The data sharing is a particularly significant constraint, which has in the past required complex systems/backplanes to share/duplicate data between processing nodes. An elegant way to reduce this problem was first proposed in by John Jones (SLHC Workshop, FermiLab, 2009). It was based on a time multiplexed trigger in which data from a single bunch crossing (bx) is concatenated and delivered to a processing system over several bx. This approach requires several processing systems operating in a round-robin fashion (i.e. processing system 1, takes bx = n, processing system 2, takes bx = n+1). We currently envisage approximately 10 processing systems. The major advantage with this approach is that the whole system becomes much more efficient because the ratio of the area processed to the boundary area is substantially increased. This results in fewer cards, which also makes the subsequent sort simpler.

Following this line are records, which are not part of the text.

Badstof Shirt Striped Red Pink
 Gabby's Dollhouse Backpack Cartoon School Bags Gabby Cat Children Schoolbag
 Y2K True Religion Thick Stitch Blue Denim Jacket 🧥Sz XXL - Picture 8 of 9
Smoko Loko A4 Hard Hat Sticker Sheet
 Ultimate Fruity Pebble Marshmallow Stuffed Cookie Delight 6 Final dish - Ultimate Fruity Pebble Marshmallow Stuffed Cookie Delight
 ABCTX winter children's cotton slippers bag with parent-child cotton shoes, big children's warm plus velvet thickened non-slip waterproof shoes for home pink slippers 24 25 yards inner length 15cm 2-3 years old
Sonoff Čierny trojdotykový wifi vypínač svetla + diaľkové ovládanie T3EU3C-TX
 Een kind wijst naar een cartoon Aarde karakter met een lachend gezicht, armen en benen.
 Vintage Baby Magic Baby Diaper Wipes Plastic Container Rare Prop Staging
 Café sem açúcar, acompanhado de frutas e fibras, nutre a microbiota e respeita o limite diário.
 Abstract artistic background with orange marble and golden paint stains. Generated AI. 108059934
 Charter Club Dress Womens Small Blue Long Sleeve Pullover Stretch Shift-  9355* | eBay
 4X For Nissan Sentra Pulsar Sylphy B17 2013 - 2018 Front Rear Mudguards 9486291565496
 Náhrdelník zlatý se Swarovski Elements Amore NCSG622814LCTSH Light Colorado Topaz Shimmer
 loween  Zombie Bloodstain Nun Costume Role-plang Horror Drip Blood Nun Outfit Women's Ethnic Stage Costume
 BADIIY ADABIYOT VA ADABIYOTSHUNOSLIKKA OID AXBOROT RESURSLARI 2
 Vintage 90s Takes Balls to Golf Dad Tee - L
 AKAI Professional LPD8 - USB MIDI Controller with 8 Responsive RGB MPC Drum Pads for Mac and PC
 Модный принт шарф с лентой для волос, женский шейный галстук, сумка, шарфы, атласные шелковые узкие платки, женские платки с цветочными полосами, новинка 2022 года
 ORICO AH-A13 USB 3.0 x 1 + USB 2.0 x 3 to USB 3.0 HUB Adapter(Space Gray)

The obvious drawback with this approach is that there is an immediate latency increase to time multiplex the data; however we expect this to be offset by the ability to be build a much more compact trigger, requiring fewer serialisation stages. The system also has other advantages. For example, it is possible to prototype the entire trigger system with just 10% of the hardware. It also offers redundancy because if one of the processing systems were to fail the data could be redirected to a backup system.
To help answer whether such a scheme is feasible we have developed a double width, full height AMC card, MINI-T5, to prototype new trigger designs (i.e. what is the minimum practical latency of a 5-6Gb/s link, what FPGA resources do we require, etc). The card is compatible with either a Xilinx XC5VTX150T or XC5VTX240T FPGA and has 32 links routed to SNAP12/QSFP optics on the front panel. As soon as the prototype is tested we intend to manufacture more cards so that we can populate a μTCA crate and thus build a demonstrator trigger system which we can load with new trigger algorithms currently under development. This hardware platform (MINI-T5) can also be used to develop and evaluate firmware for a traditional (non-time multiplexed) trigger system.